When Snyder took office, the state's unemployment rate was 10.7% — more than double the 4.7% rate today. After 10 consecutive years of job declines, Michigan gained 88,500 jobs the year Snyder took office, and it has gained another 438,000 jobs since.
On Flint, Snyder said the city has made huge strides in both water quality and economic development since a lead poisoning public health crisis that began in April 2014, but he acknowledged there is more work to be done.
"We're continuing the replacement of lead water lines," he said.
Snyder also highlighted growth in the state's Rainy Day Fund from about $2 million when he took office to close to $900 million today and measures to reduce the state's long-term unfunded liabilities.
Those gains came amid a strong nationwide recovery under Democratic President Barack Obama, but Snyder stressed that Michigan has outpaced other Great Lakes States on certain economic metrics, such as growth in per capita income.

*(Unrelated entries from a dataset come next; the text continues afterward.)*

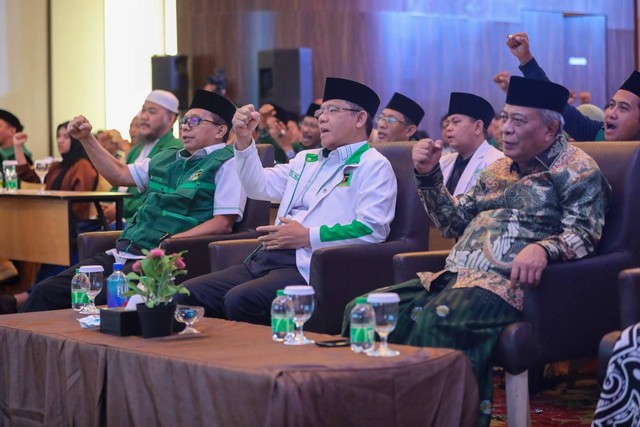 Plt Ketua Umum PPP Muhamad Mardiono saat menghadiri pengukuhan dan bimbingan teknis relawan pemenangan salah satu DPR RI Mayjen TNI (Purn) Neno Hamriono, di Hotel Hariston, Kecamatan Penjaringan, Jakarta Utara, Minggu (9/7/2023). Foto: Dok. Istimewa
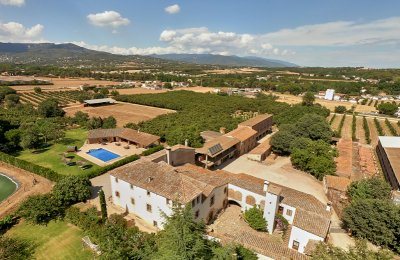 Can Burgu&egrave;s: agrotourism in a farmhouse with eight centuries of history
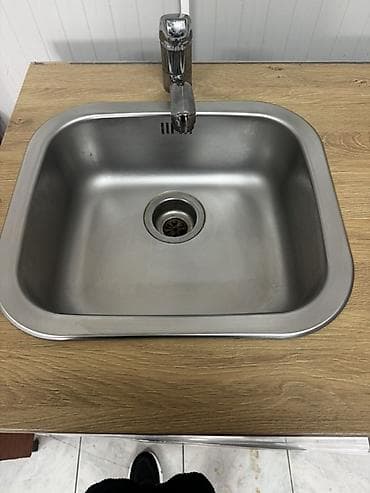 lesnina vitrine i komode: Kuhinjski element sa sudoperom i slavinom - Donji kuhinjski ormarić — 3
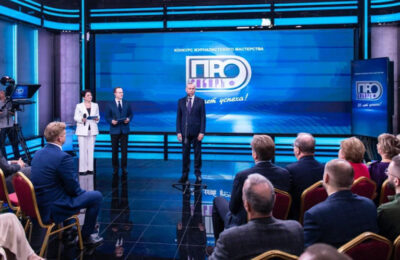 Губернатор поздравил победителей XX сезона Межрегионального конкурса журналистского мастерства «Сибирь.ПРО»
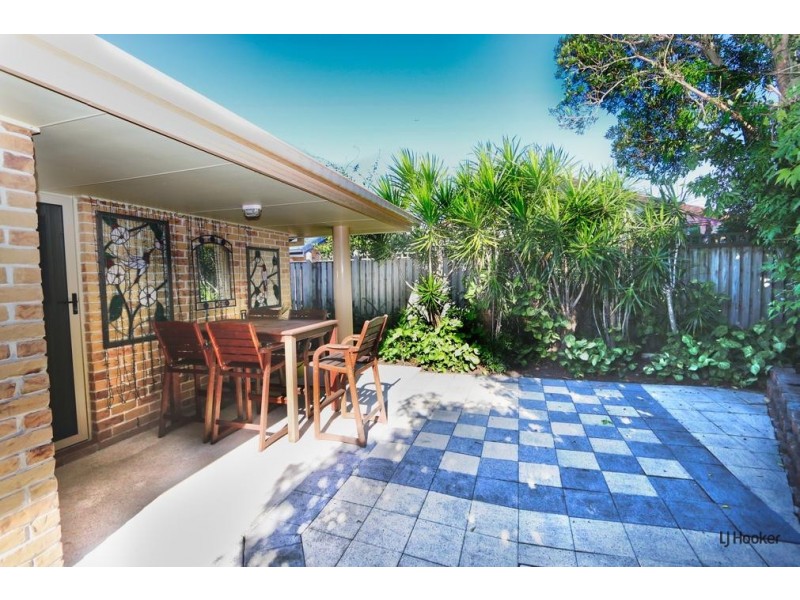 37 Winders Place, Banora Point NSW 2486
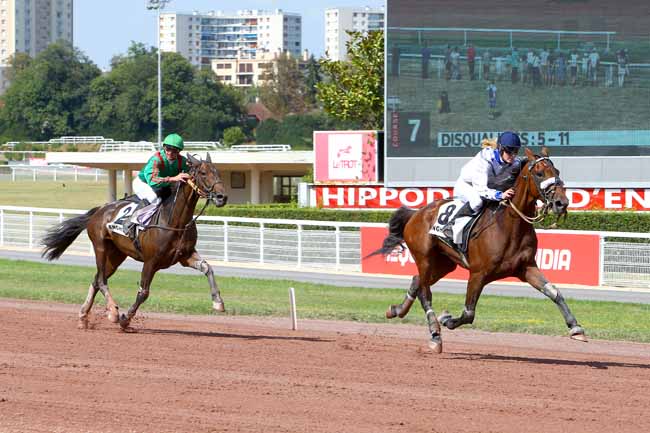 Photo d'arrivée de la course pmu PRIX DE LA PORTE D'ORLEANS à ENGHIEN le Jeudi 16 août 2018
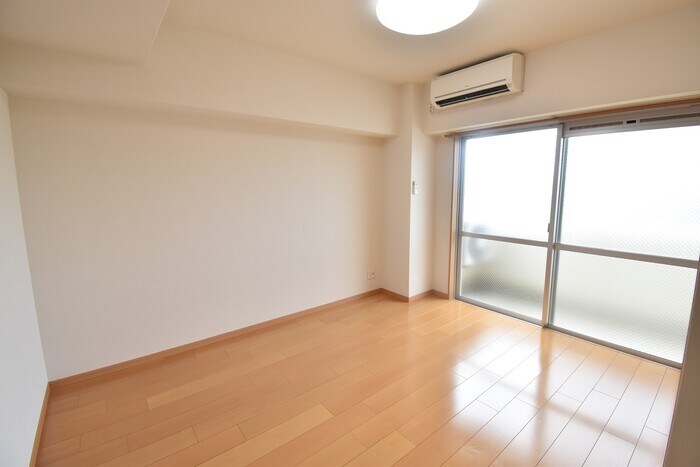 物件内観写真8　(洋室６帖)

In a departure from past years, when emotions have run high around the governor's annual speech over issues such as passage of a right-to-work law and state failures surrounding the Flint drinking water crisis, Snyder saw no demonstrators in front of the Capitol when he made his entrance shortly before 5 p.m.
But in front of Snyder's Cadillac Place office in Detroit Tuesday, janitors and health care workers from the Service Employees International Union demonstrated alongside fast food workers calling for a $15-per-hour minimum wage.
They staged what they called a "Workers' State of the State," and said Snyder has attacked working people and their unions since he took office.
Michigan Democrats issued a statement in advance of the speech that said Snyder, along with Lt. Gov. Brian Calley and Attorney General Bill Schuette, for seven years had formed an "Axis of Failure" that had held Michigan back economically, clouded the state's future and left "the most vulnerable among us exposed to poison and abuse."
Both Democratic and Republican candidates for governor also took digs at Snyder's record in news releases and staged events Tuesday. Schuette, who is seeking the Republican nomination for governor against Calley and other GOP candidates, said the state tax on pensions, pushed for and signed into law by Snyder in 2011, is costing Michigan taxpayers an extra $900 million a year.